After the above change then I think we're good! It would be really helpful to explain all of this in the tutorial with simple examples (i.e., if you set atol to this and rtol to this then this will happen).

@mihailescum
Copy link
Contributor Author

mihailescum commented Mar 13, 2021

Actually I was thinking about it a bit longer. In the motif function, having a relative tolerance makes sense, to encode the intuition "if it has a low MP value, there is a very close match, so I only look at very similar matches, while if it has a large MP value, the nearest neighbor is far away so when searching for other neighbors, I also have to look further away". The absolute tolerance serves as a MP independent threshold.

However, when matching patterns, there is no notion of a a priori distance to the closest neighbor.
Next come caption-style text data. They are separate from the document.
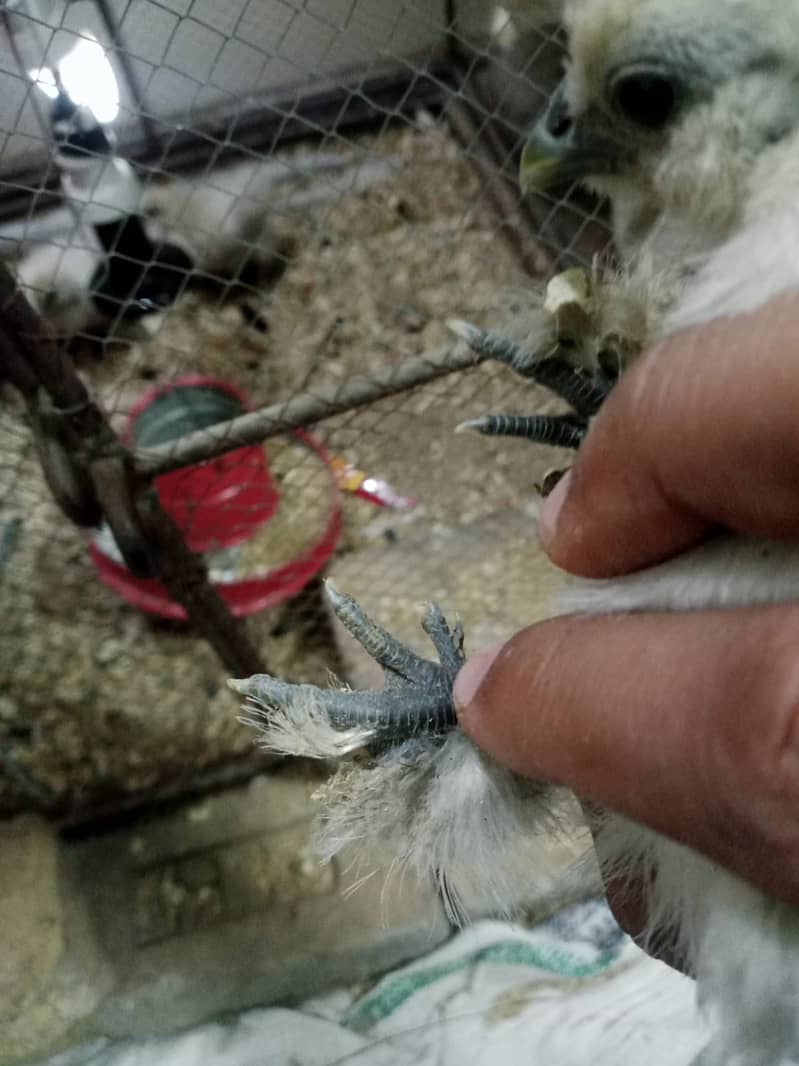 Silkies Hen Chicks Healthy Active 3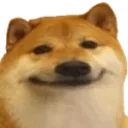 shiba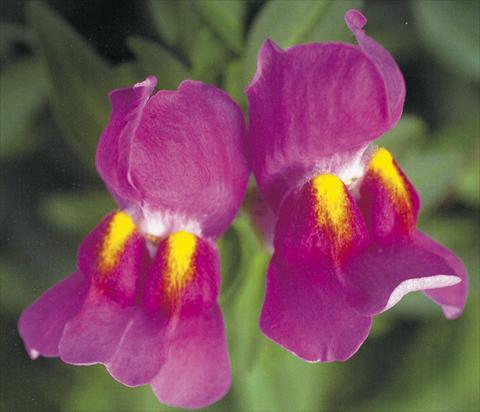 Photo de variété de fleurs à utiliser comme: Pot et Plante à massif Antirrhinum majus Dazzlig Lips Purple pearl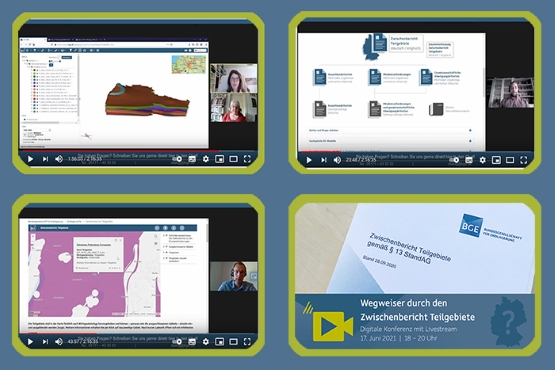 Zusammenstellung von Screenshots der Video-Konferenz. BGE-Mitarbeitende erklären die Webseiten der BGE durch Bildschirmteilung.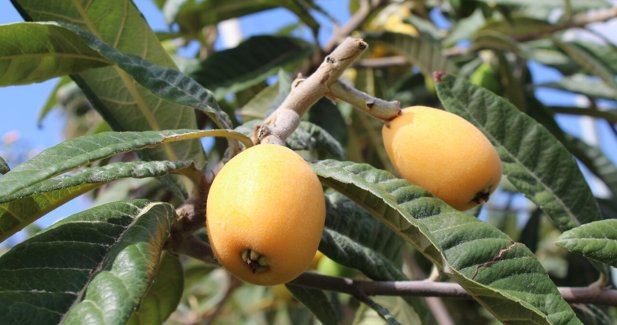 EpAgro - Agricultura
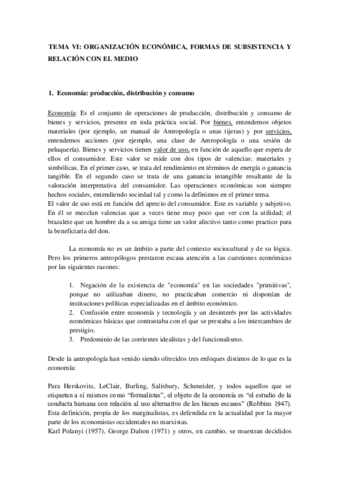 Tema 6 Definitivo PDF.pdf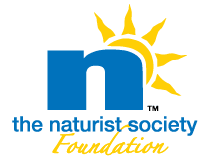 n_logo_clr-Foundation-01.png
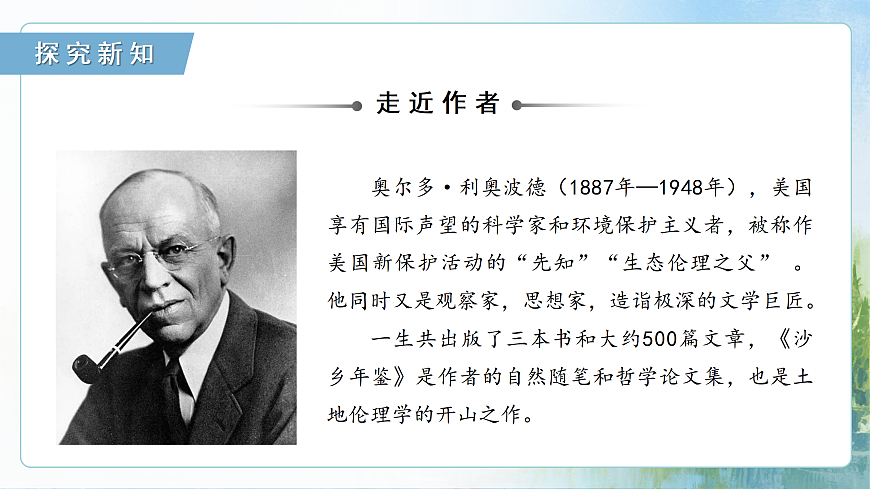 17428276第5页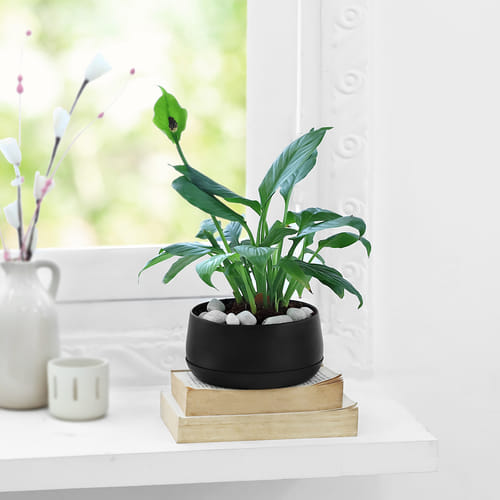 Peaceful Greens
So it makes more sense to have only a single radius parameter (instead of atol, rtol and profile_value), which would default to np.min(D[D > STUMPY_D_THRESHOLD]), so the default behavior would be to return the closest, not identical match.

So when match is called from within motifs, the it would set tolerance = atol + MPvalue * rtol, while the user only has one parameter to worry about when looking only for matches.

What do you think?

@seanlaw
Copy link
Contributor

seanlaw commented Mar 14, 2021

I've been wondering if doing "top-K motif" is the wrong way to approach this? Before I address your comment, would you mind critiquing something first?
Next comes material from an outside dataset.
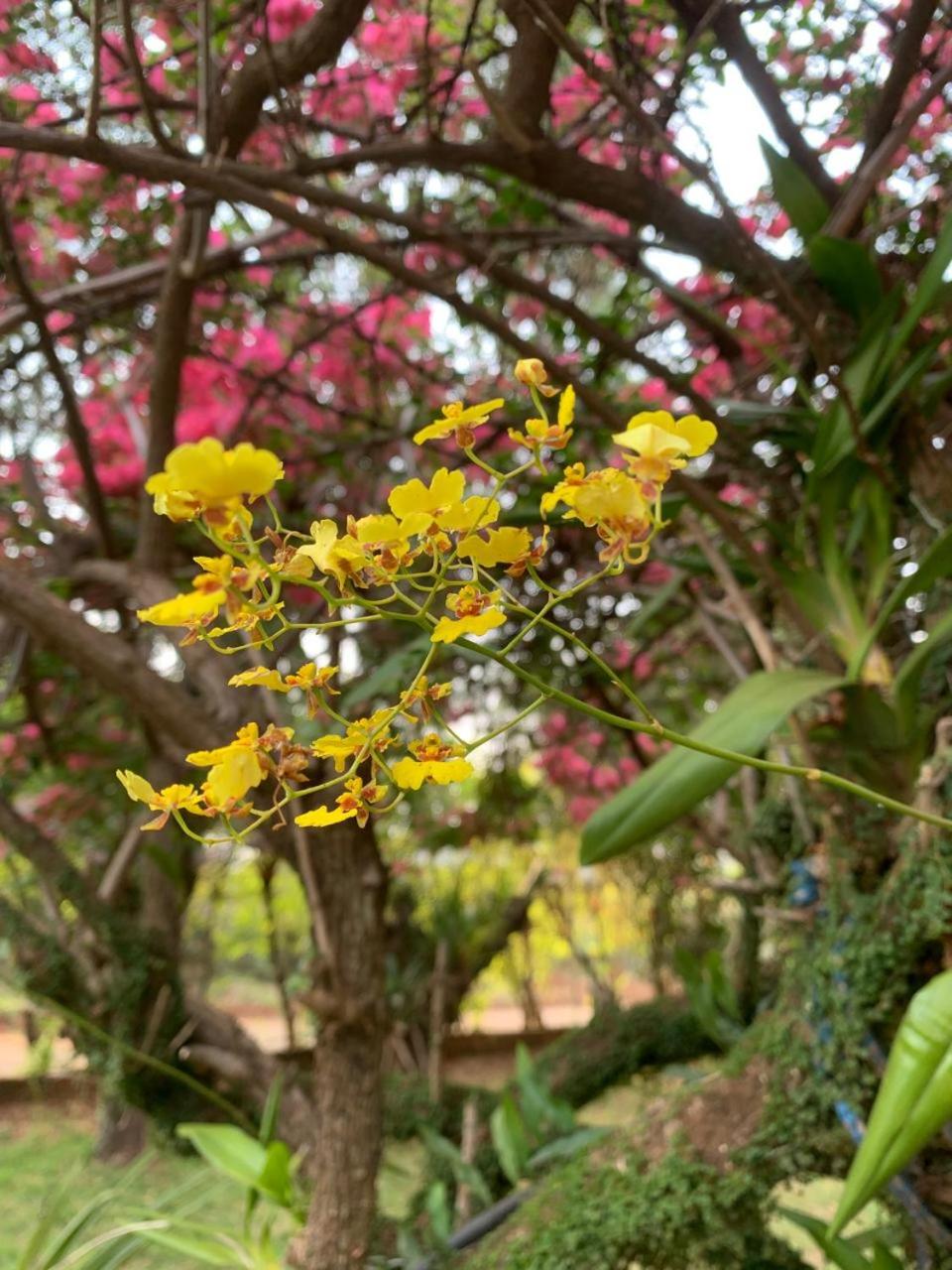 Chalé Araucária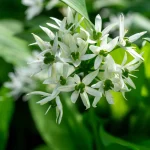 Bärlauch Pflanze – Bild 4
Let's say we have a matrix profile with a stddev of 20.0 (i.e., atol = 5.0) and its corresponding time series has a motif_1with a nearest neighbor that is a distance of 0.1 away (i.e., a pretty close match) and another motif_2 has its nearest neighbor at a distance of 10.0 away (not really close). So, for motif_1, we'd look for other subsequences that are, at most, a distance of 0.1 + 5.0 = 5.1 away. This seems really, really big and would likely include a lot of subsequences that don't look like motif_1. The average distance in this set of subsequences should be between 0.1 and 0.5.

Then, for motif_2, we look for other subsequences that are, at most, a distance of 10.0 + 5.0 = 15.0 away. So, relatively speaking, this means that the available subsequences that match motif_2 will not likely look like motif_2 (i.e., the average distance in this set of subsequences will be between 10 and 15).
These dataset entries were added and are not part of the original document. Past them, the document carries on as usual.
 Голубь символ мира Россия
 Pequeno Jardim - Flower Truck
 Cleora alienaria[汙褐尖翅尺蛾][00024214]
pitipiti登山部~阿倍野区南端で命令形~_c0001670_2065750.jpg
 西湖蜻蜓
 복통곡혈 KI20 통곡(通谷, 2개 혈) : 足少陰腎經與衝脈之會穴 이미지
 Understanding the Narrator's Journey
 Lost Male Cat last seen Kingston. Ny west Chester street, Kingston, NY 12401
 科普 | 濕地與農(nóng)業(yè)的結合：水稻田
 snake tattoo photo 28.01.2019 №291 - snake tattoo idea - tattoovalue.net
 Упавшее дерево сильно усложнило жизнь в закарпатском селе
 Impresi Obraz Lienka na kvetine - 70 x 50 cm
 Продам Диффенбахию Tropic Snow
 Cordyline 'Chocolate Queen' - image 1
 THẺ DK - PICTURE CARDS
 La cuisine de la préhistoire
So, the set of subsequences "near" motif_1 has the highest potential to look like motif_1 while the set of subsequences "near" motif_2 will look a lot less like motif_2 (relatively speaking). And as k increases, the set of subsequences "near" the nth motif will look worse and worse. While choosing k might seem like an intuitive decision, the choice of k feels uninformed and quite arbitrary because it is clearly matrix profile/distance profile dependent.

Instead, my original thinking (which I haven't thought through fully) was to compute a threshold = max(np.min(P), np.mean(P) - 2 * np.std(P)) (i.e., this is the "classic" 2 standard deviations away from the mean but used in this case to identify "significantly" small nearest neighbor distances) and then only consider subsequences in P that have a 1-nearest-neighbor that is less than or equal to that threshold as a motif candidate. Of course, we could've been super generous and chosen the threshold as threshold = np.mean(P) or threshold = max(np.min(P), np.mean(P) - np.std(P)) but then we'd end up with a lot of candidate motifs. With the set of candidate motifs, I would just continue to use this same threshold to select the set of subsequences that match a given candidate motif. Practically, the motif function would be as follows:

# written for comprehension, not for speed/efficiency

if threshold is None:
    threshold = max(np.min(P), np.mean(P) - 2 * np.std(P))
top_k_values = []
top_k_indices = []

P[P > threshold] = np.inf

while np.any(np.isfinite(P)):
    candidate_idx = np.argsort(P)[0]
    # The next three lines can be put in `match`. See below
    Q = T[candidate_idx : candidate_idx + m]
    distance_profile = core.mass(Q, T)
    indices = np.argwhere(distance_profile <= threshold).flatten()
    top_k_indices.append(indices)
    top_k_values.append(distance_profile[indices])
    for idx in indices:
            core.apply_exclusion_zone(P, idx, excl_zone)

So, the user doesn't get to specify k and, instead, k comes out as a result of adjusting the threshold. Also, for each motif that gets added to your top_k, by definition, you are guaranteed that each motif has at least one (or more) matches that are within the threshold.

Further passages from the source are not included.